**DATA SEGMENT**

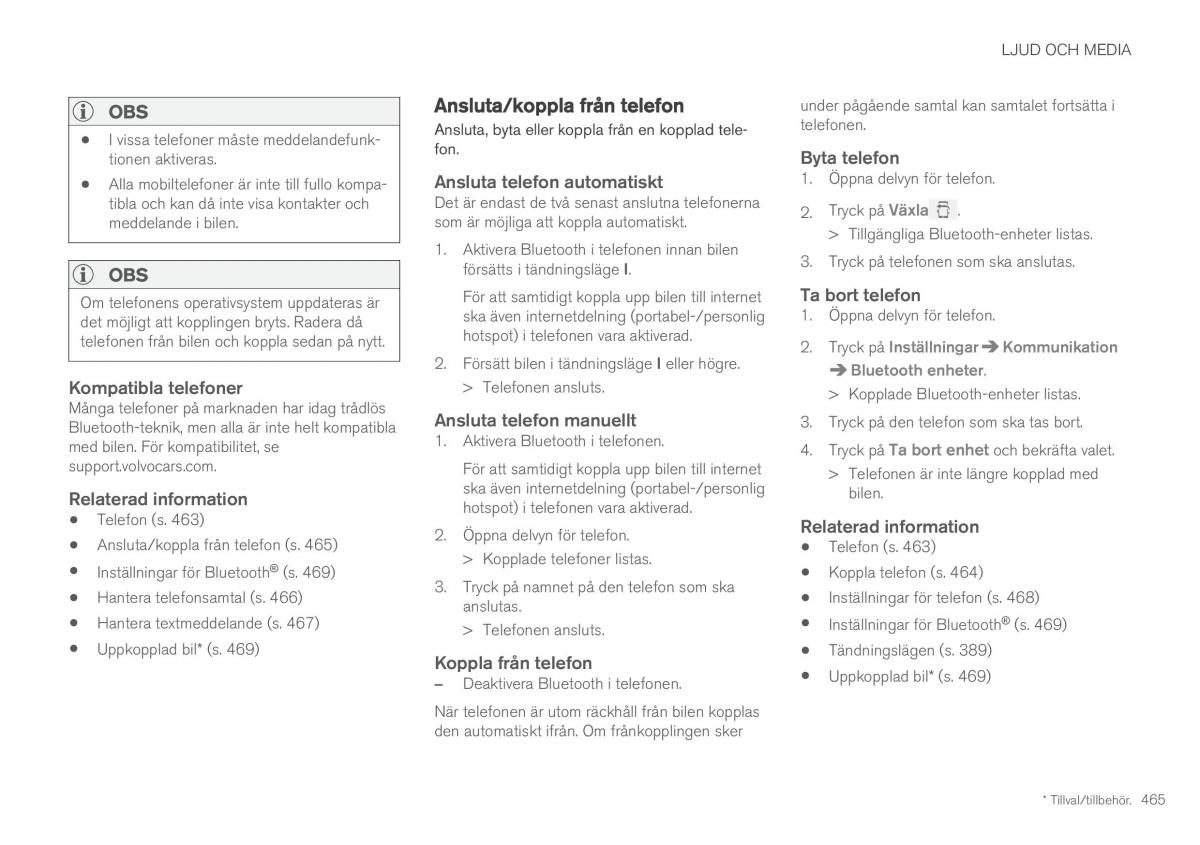 Volvo XC60 II 2 instruktionsbok / page 467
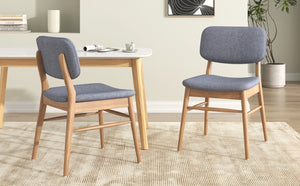 English Elm Christopher Knight Home® - Set Of 2 Mid-Century Upholstered Dining Chairs - Stylish Rubberwood Frame, Natural & Gray Finish N759P307029L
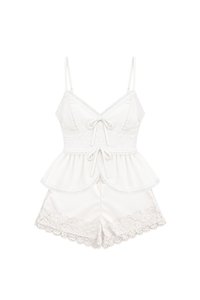 Lacey Lace Trim Co-ord Set in White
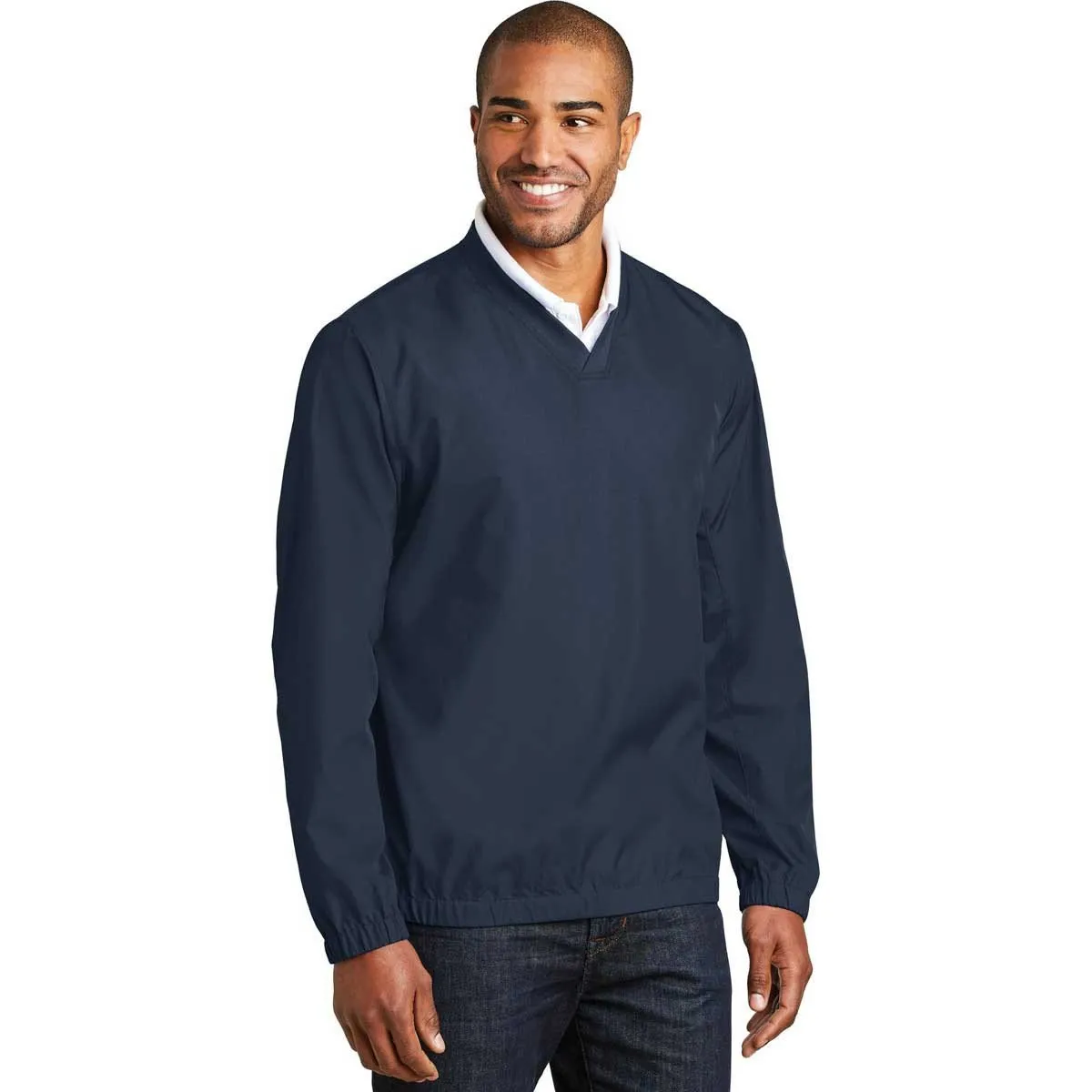 Port Authority Men's Dress Blue Navy Zephyr V-Neck Pullover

**TASK DIRECTIONS**
Exclude images. Return the data above verbatim.

**SOLUTION TO THIS PROBLEM**
 Volvo XC60 II 2 instruktionsbok / page 467
 English Elm Christopher Knight Home® - Set Of 2 Mid-Century Upholstered Dining Chairs - Stylish Rubberwood Frame, Natural & Gray Finish N759P307029L
 Lacey Lace Trim Co-ord Set in White
 Port Authority Men's Dress Blue Navy Zephyr V-Neck Pullover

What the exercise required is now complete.